**WORK ORDER**
Output the records precisely as they stand. Pictures are to be skipped.

(INFORMATION PROVIDED Opens)

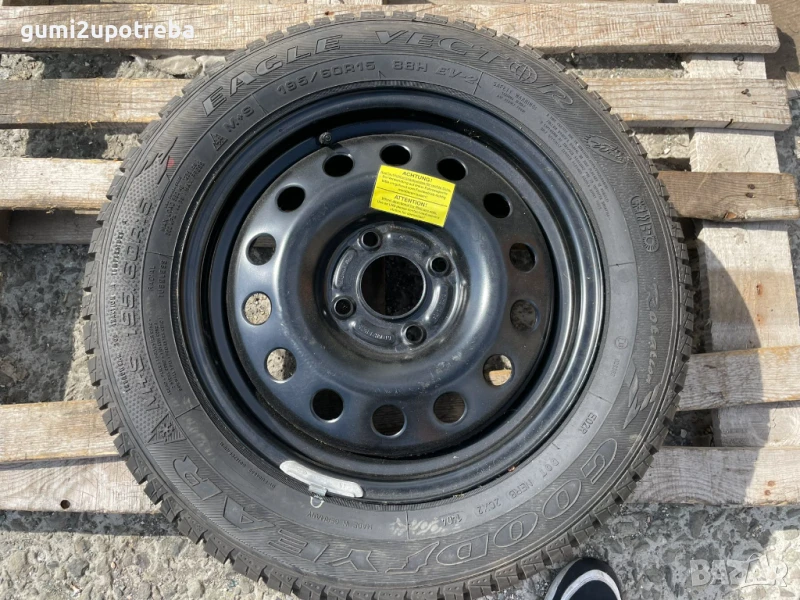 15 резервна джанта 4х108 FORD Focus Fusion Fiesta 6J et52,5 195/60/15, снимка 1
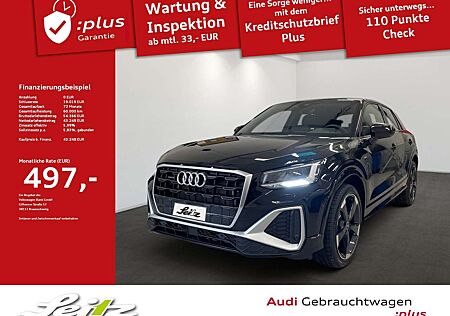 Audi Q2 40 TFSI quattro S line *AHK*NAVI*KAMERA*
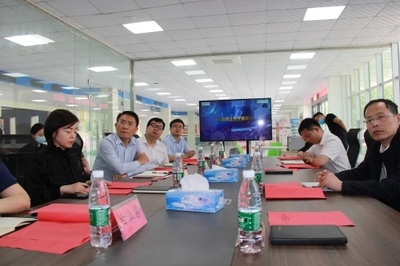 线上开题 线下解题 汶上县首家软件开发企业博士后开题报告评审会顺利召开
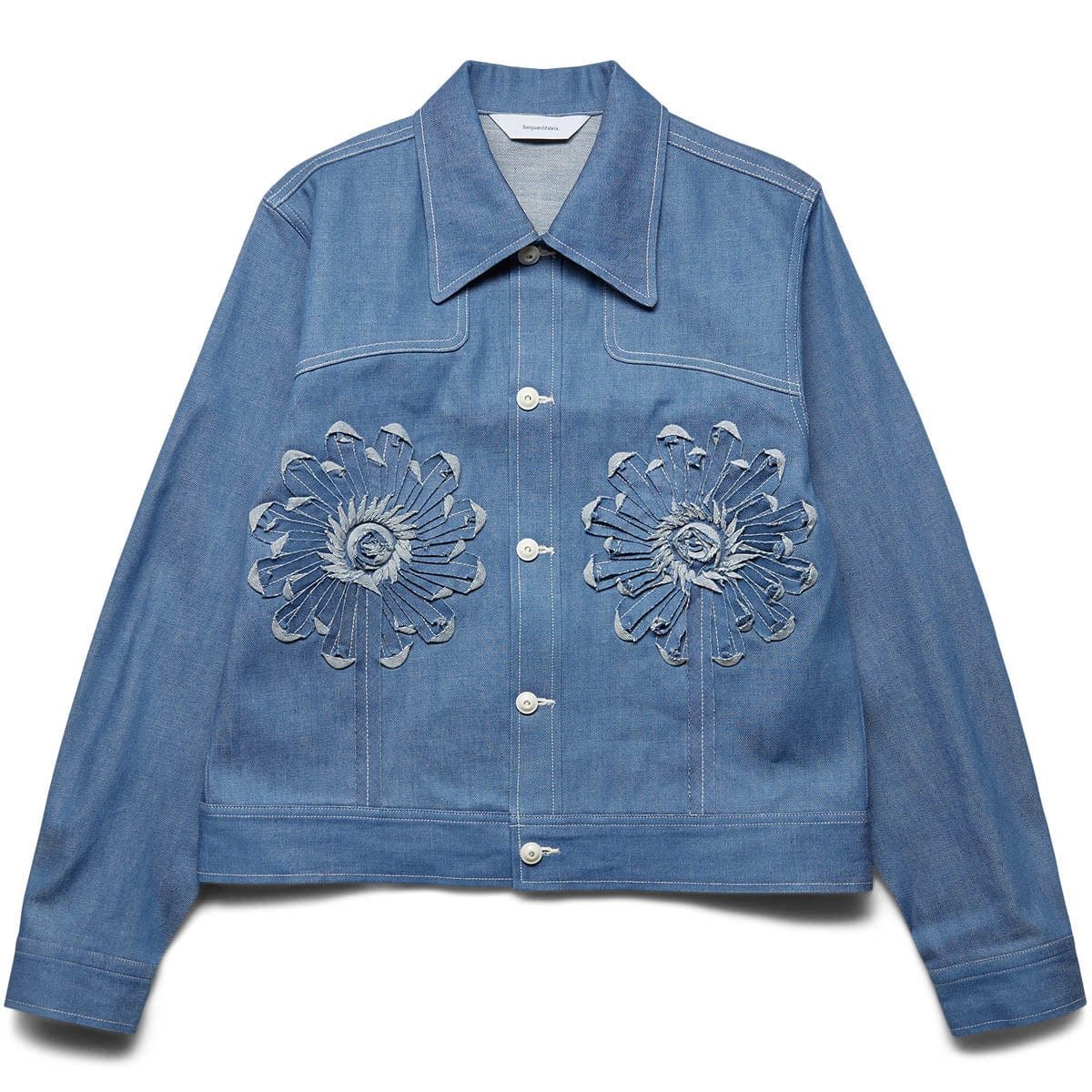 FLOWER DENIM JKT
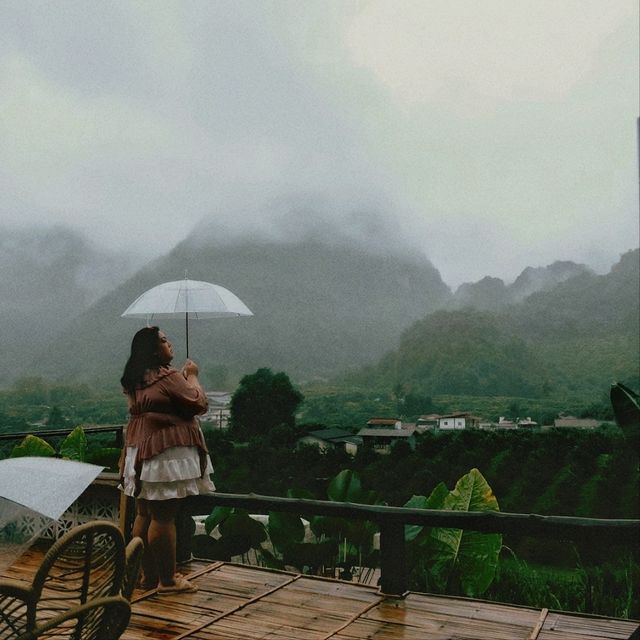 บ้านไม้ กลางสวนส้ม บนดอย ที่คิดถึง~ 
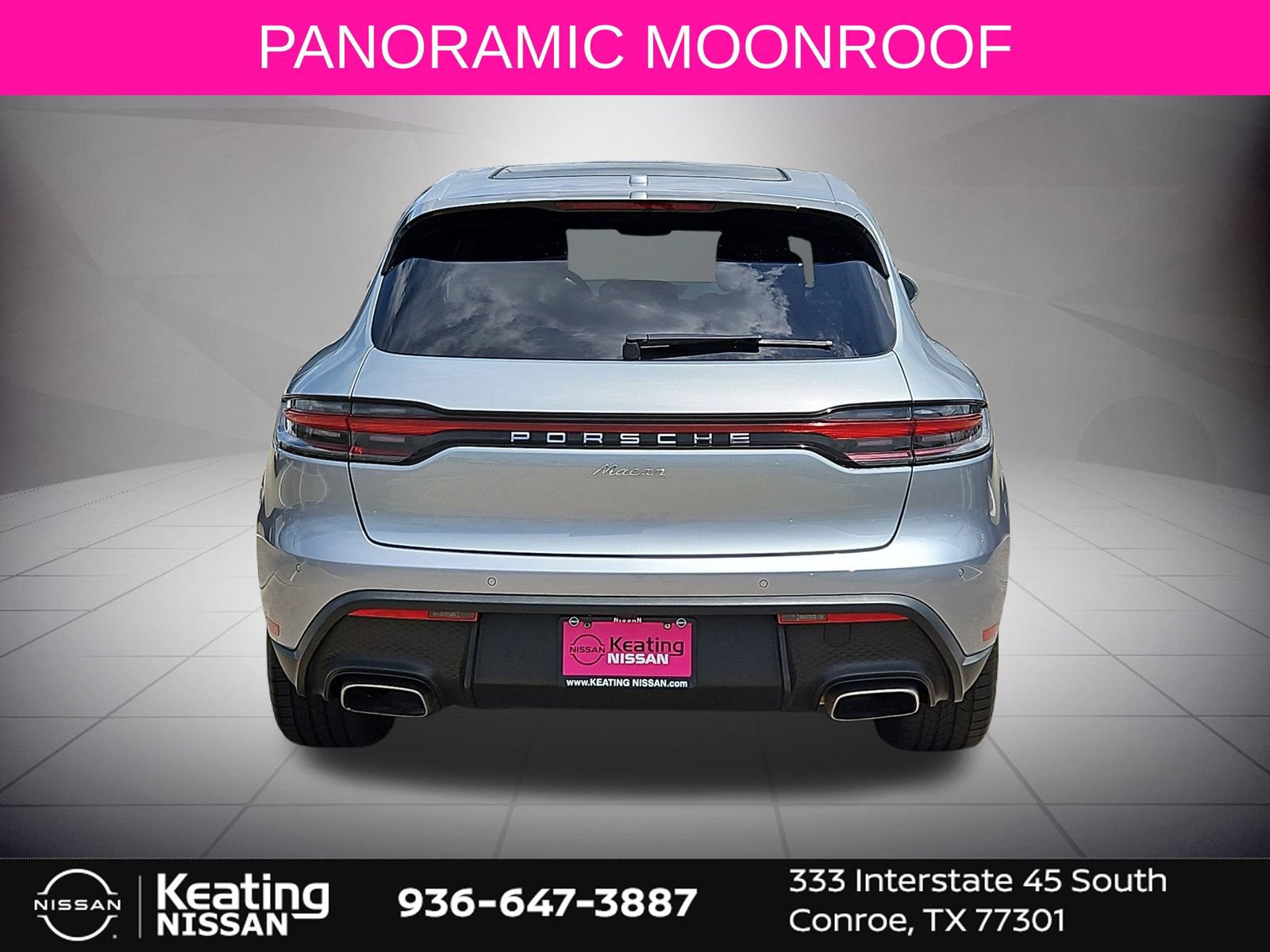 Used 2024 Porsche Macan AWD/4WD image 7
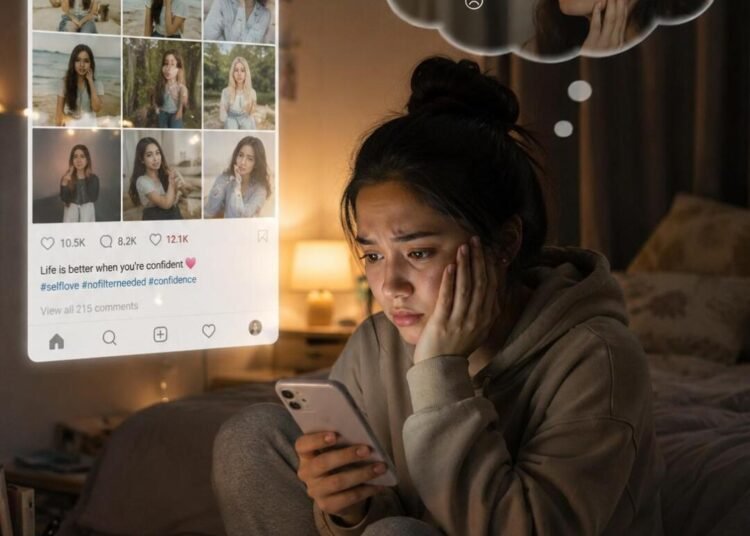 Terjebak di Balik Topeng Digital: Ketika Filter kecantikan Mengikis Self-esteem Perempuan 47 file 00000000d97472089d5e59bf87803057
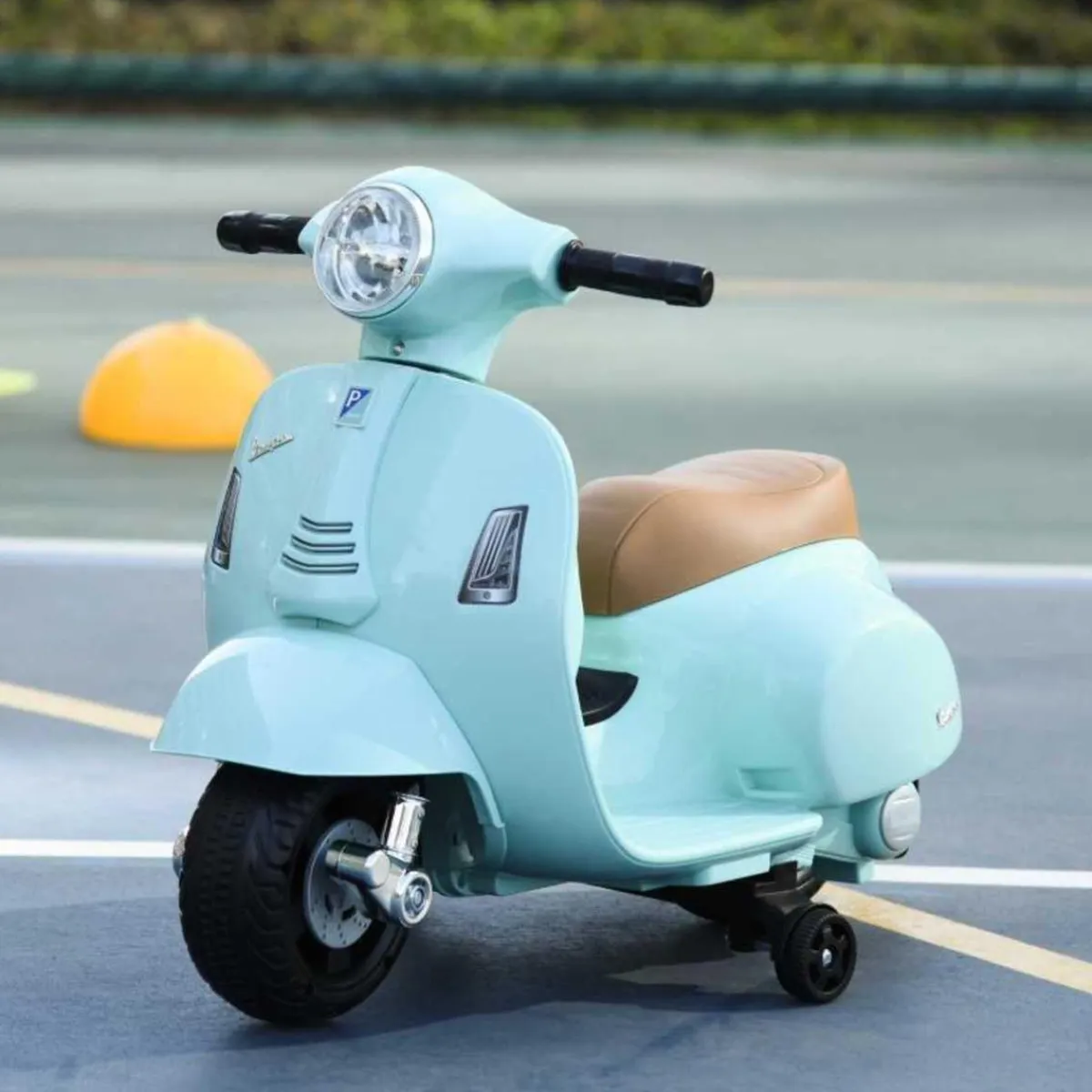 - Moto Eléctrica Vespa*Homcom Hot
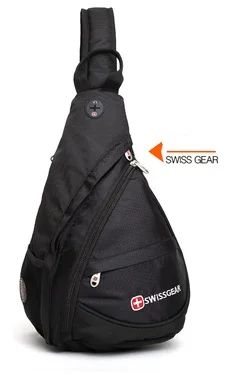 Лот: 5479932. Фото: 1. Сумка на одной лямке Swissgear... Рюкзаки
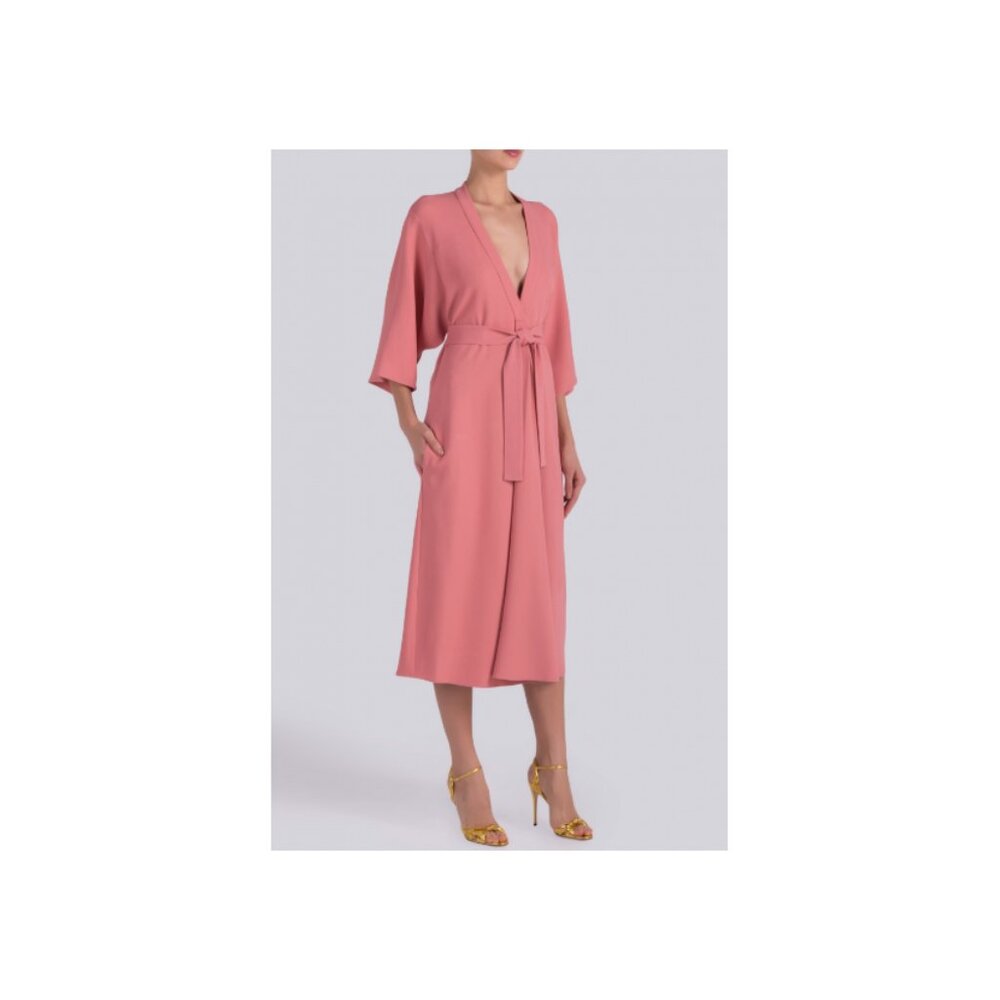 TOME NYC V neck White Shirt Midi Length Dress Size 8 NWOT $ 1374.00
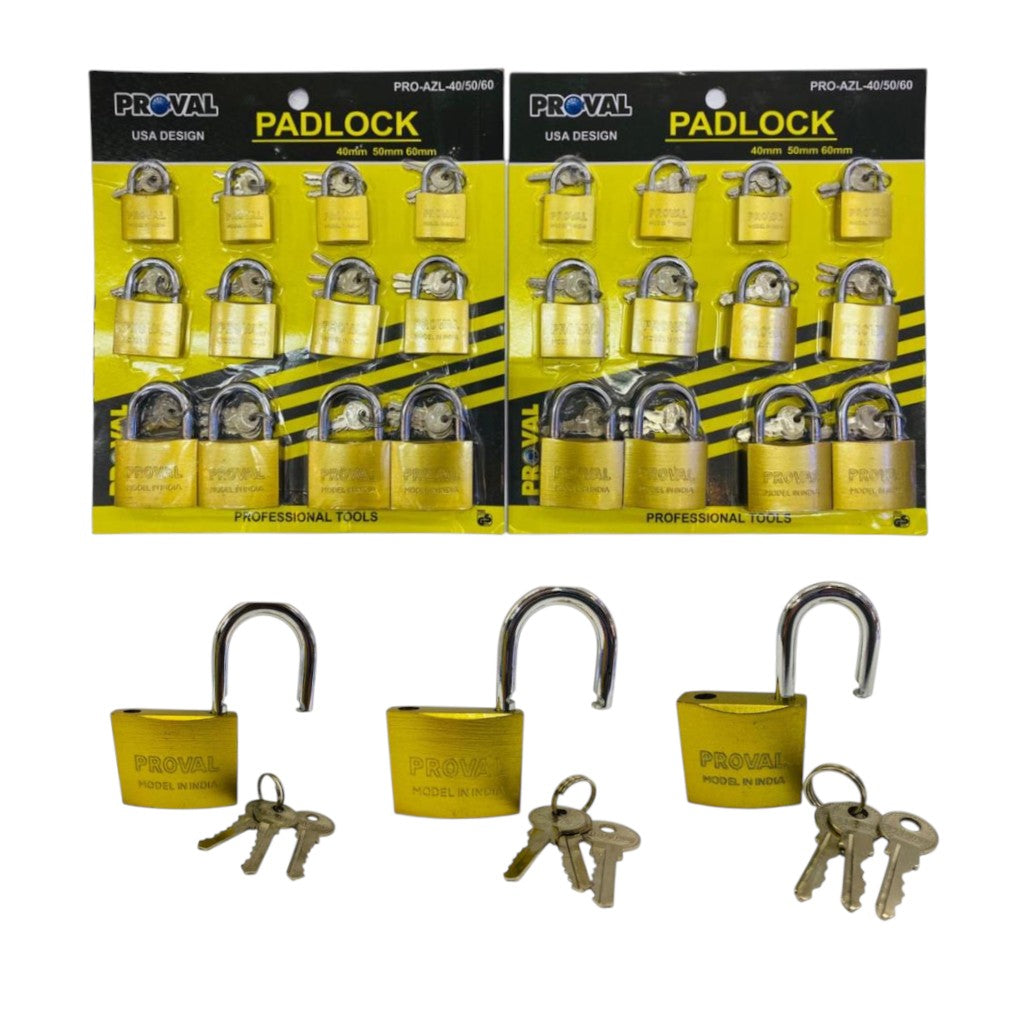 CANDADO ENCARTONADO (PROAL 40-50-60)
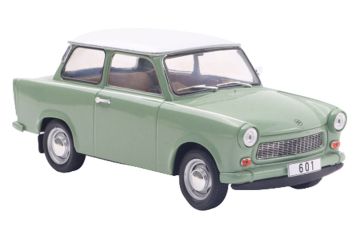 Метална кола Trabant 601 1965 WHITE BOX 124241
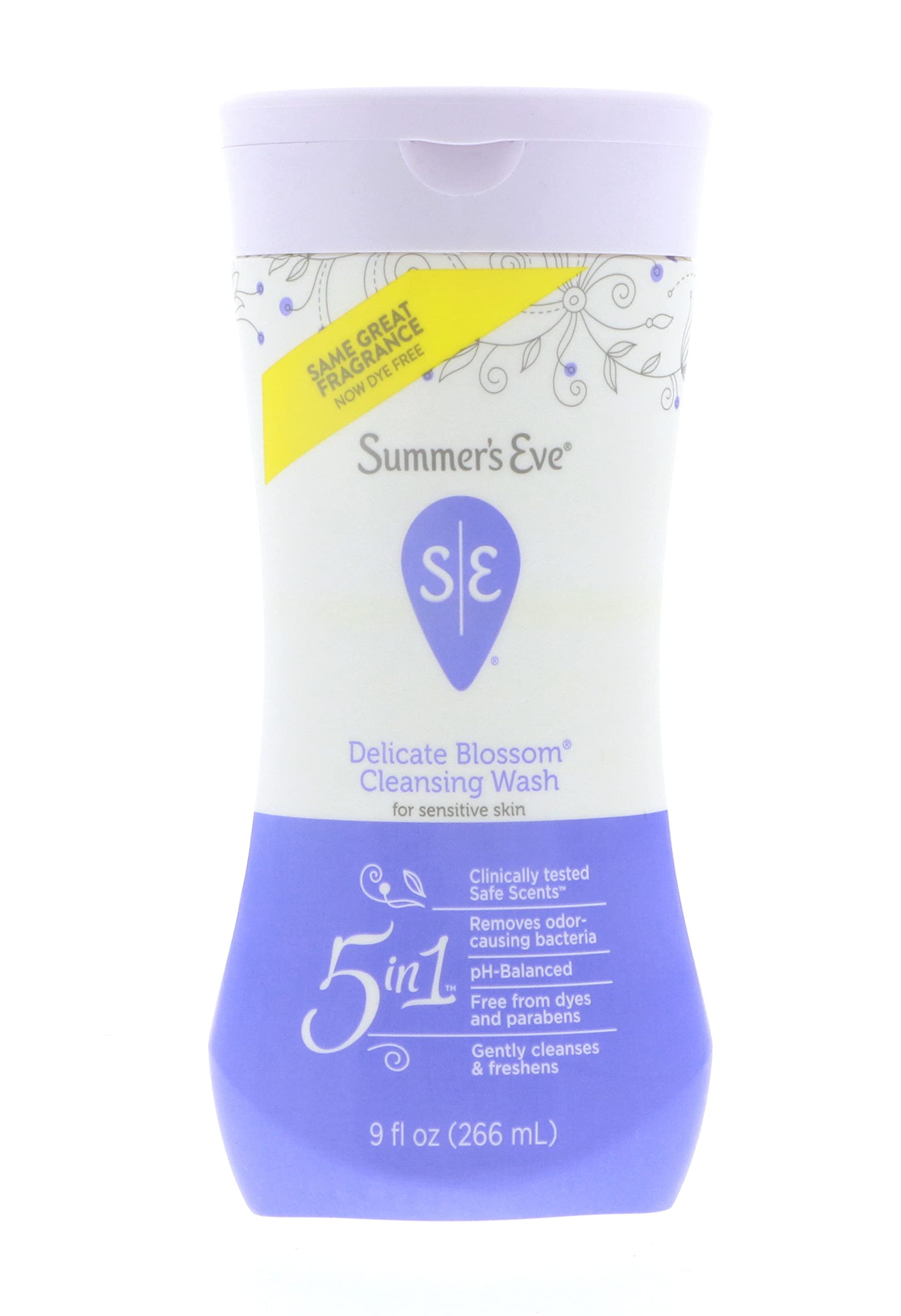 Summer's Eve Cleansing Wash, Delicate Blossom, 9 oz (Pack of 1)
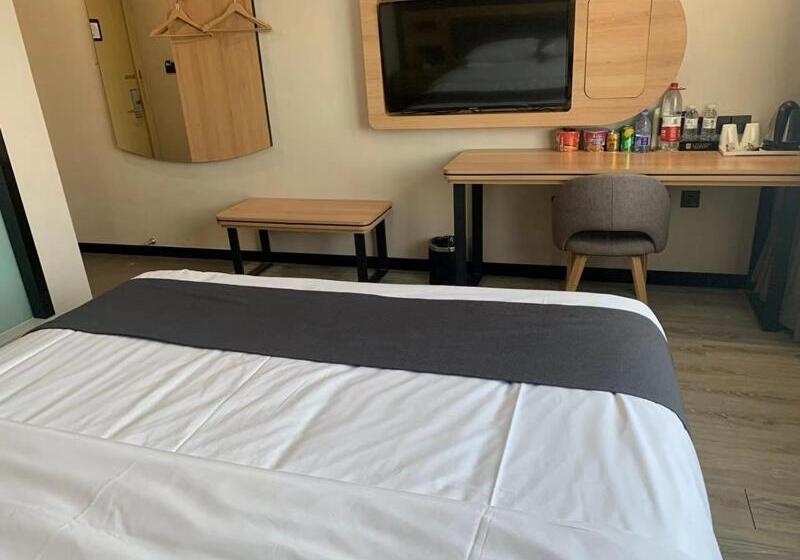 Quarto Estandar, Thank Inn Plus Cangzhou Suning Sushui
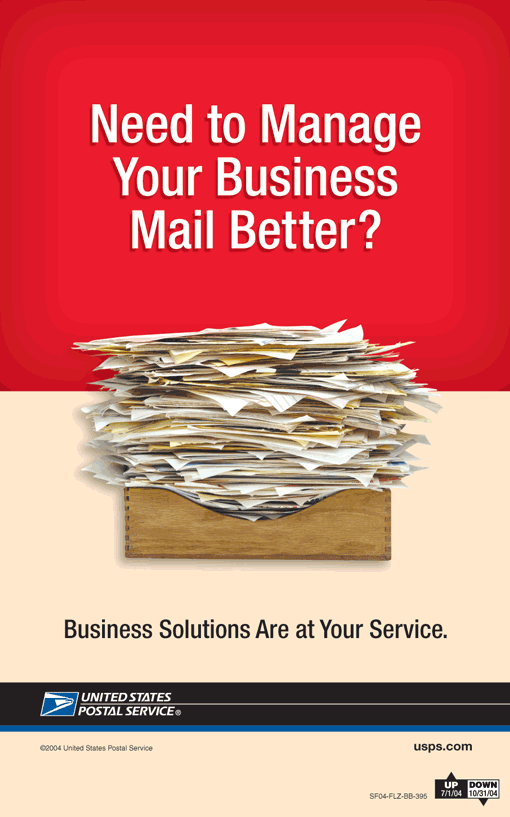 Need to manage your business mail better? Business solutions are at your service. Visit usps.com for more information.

(INFORMATION PROVIDED Closes)

**EXPECTED ANSWER**
 15 резервна джанта 4х108 FORD Focus Fusion Fiesta 6J et52,5 195/60/15, снимка 1
 Audi Q2 40 TFSI quattro S line *AHK*NAVI*KAMERA*
 线上开题 线下解题 汶上县首家软件开发企业博士后开题报告评审会顺利召开
 FLOWER DENIM JKT
 บ้านไม้ กลางสวนส้ม บนดอย ที่คิดถึง~ 
 Used 2024 Porsche Macan AWD/4WD image 7
 Terjebak di Balik Topeng Digital: Ketika Filter kecantikan Mengikis Self-esteem Perempuan 47 file 00000000d97472089d5e59bf87803057
 - Moto Eléctrica Vespa*Homcom Hot
 Лот: 5479932. Фото: 1. Сумка на одной лямке Swissgear... Рюкзаки
 TOME NYC V neck White Shirt Midi Length Dress Size 8 NWOT $ 1374.00
 CANDADO ENCARTONADO (PROAL 40-50-60)
 Метална кола Trabant 601 1965 WHITE BOX 124241
 Summer's Eve Cleansing Wash, Delicate Blossom, 9 oz (Pack of 1)
 Quarto Estandar, Thank Inn Plus Cangzhou Suning Sushui
 Need to manage your business mail better? Business solutions are at your service. Visit usps.com for more information.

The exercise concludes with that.